WHAT YOU WILL DO:
Find the line with "Storing sugar at" in the records below, then please transcribe it and every later line exactly, omitting the pictures and adding nothing.

Caption-style text data:

************

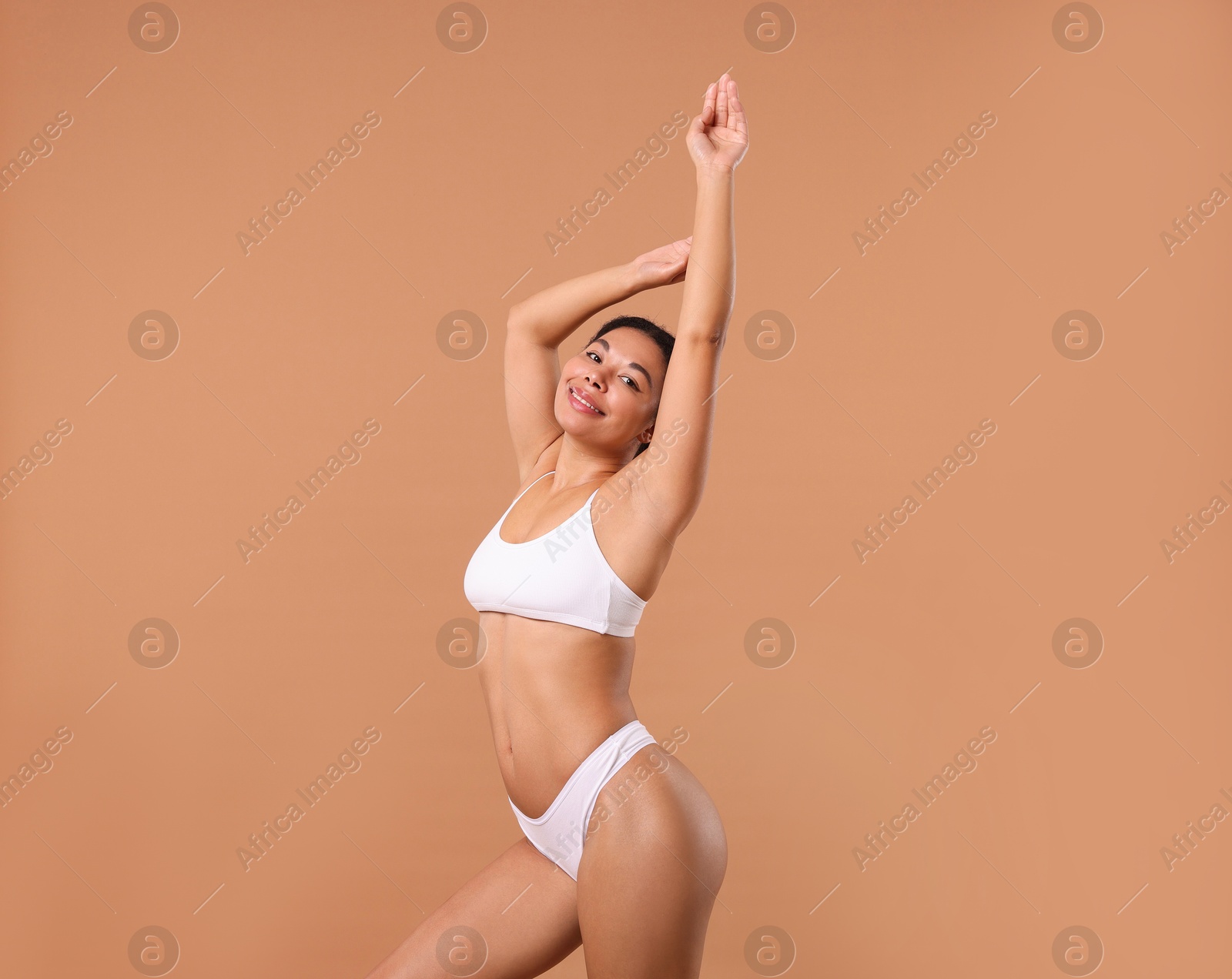 Woman in white underwear with smooth skin after epilation procedure on beige background Photo of Woman in white underwear with smooth skin after epilation procedure on beige background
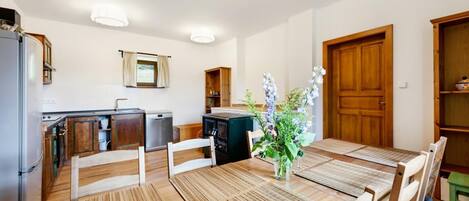 Une cuisine compacte dotée d’appareils électroménagers modernes, un coin repas agrémenté de sets de table en bambou et de meubles en bois.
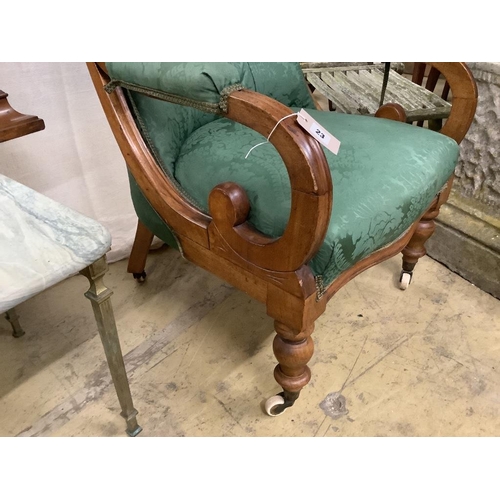 23 - A mid Victorian upholstered mahogany armchair, width 66cm, depth 70cm, height 94cm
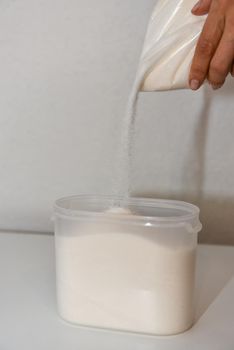 Storing sugar at home, arranging a place in the kitchen. Pouring sugar from a bag into a plastic container.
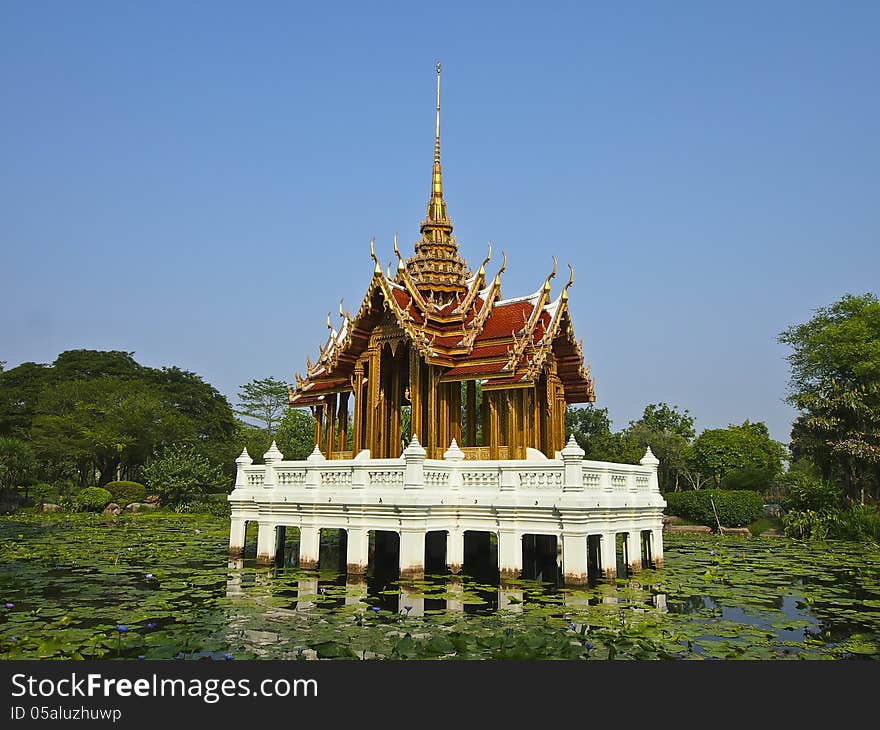 Pavilion at central of lotus pond in sunny day. Pavilion at central of lotus pond in sunny day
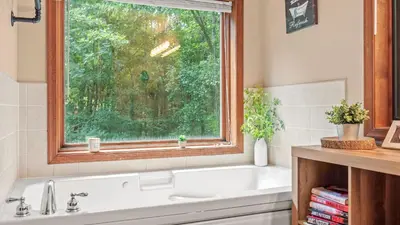 a bathroom with a bath tub and a window at The Great Escape by AvantStay Game Room in Albrightsville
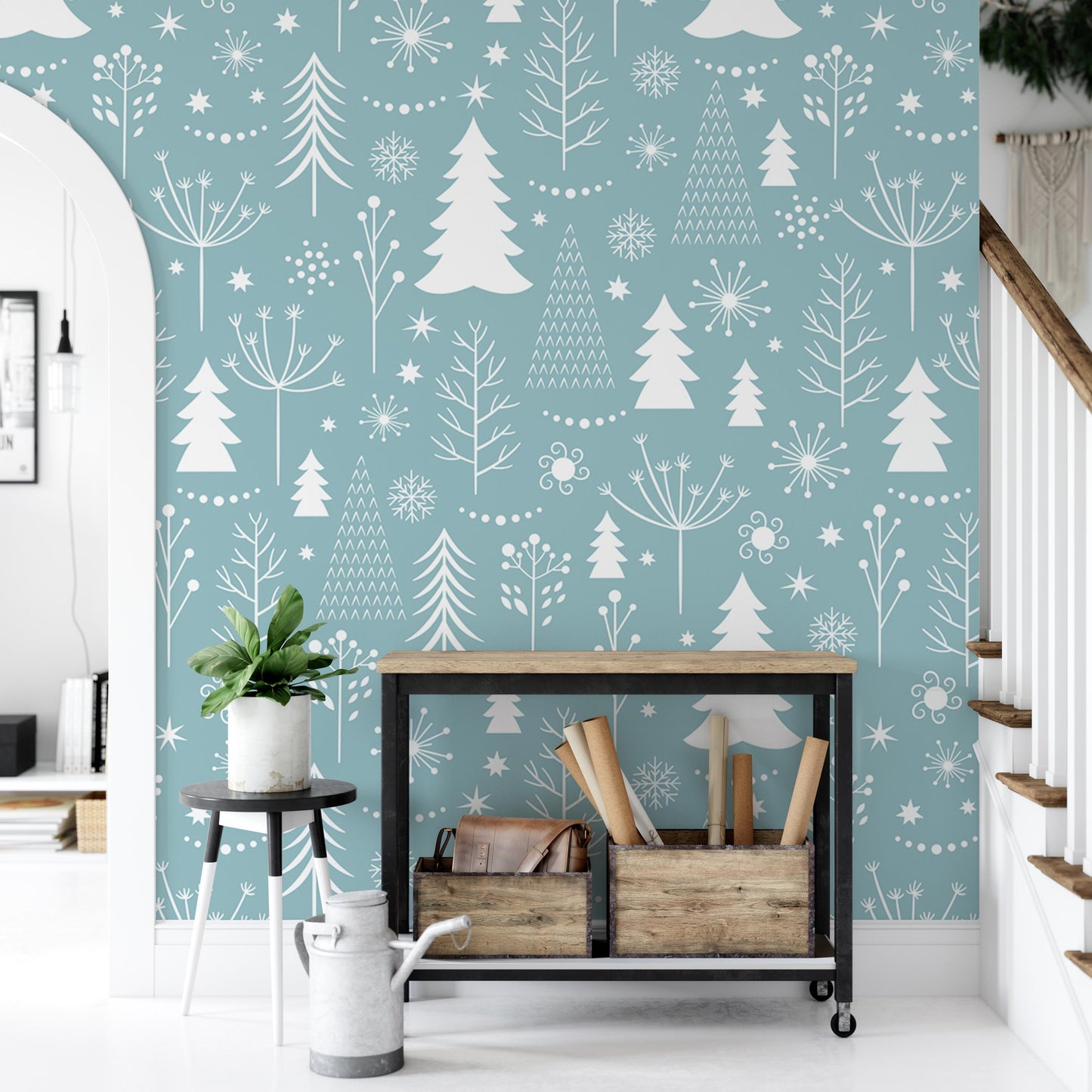 a room with a blue wall decorated with white snowflakes and trees. In the foreground, there is a wooden table with a plant on it, and a metal shelf holding some items.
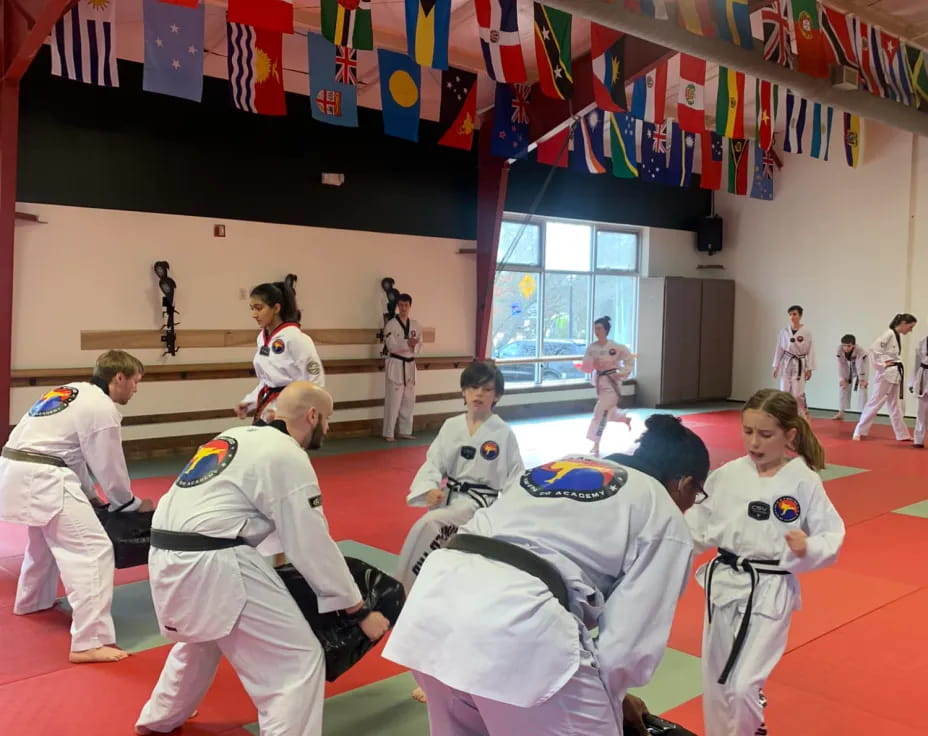 a group of people in karate uniforms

************

FINAL ANSWER:
 Storing sugar at home, arranging a place in the kitchen. Pouring sugar from a bag into a plastic container.
 Pavilion at central of lotus pond in sunny day. Pavilion at central of lotus pond in sunny day
 a bathroom with a bath tub and a window at The Great Escape by AvantStay Game Room in Albrightsville
 a room with a blue wall decorated with white snowflakes and trees. In the foreground, there is a wooden table with a plant on it, and a metal shelf holding some items.
 a group of people in karate uniforms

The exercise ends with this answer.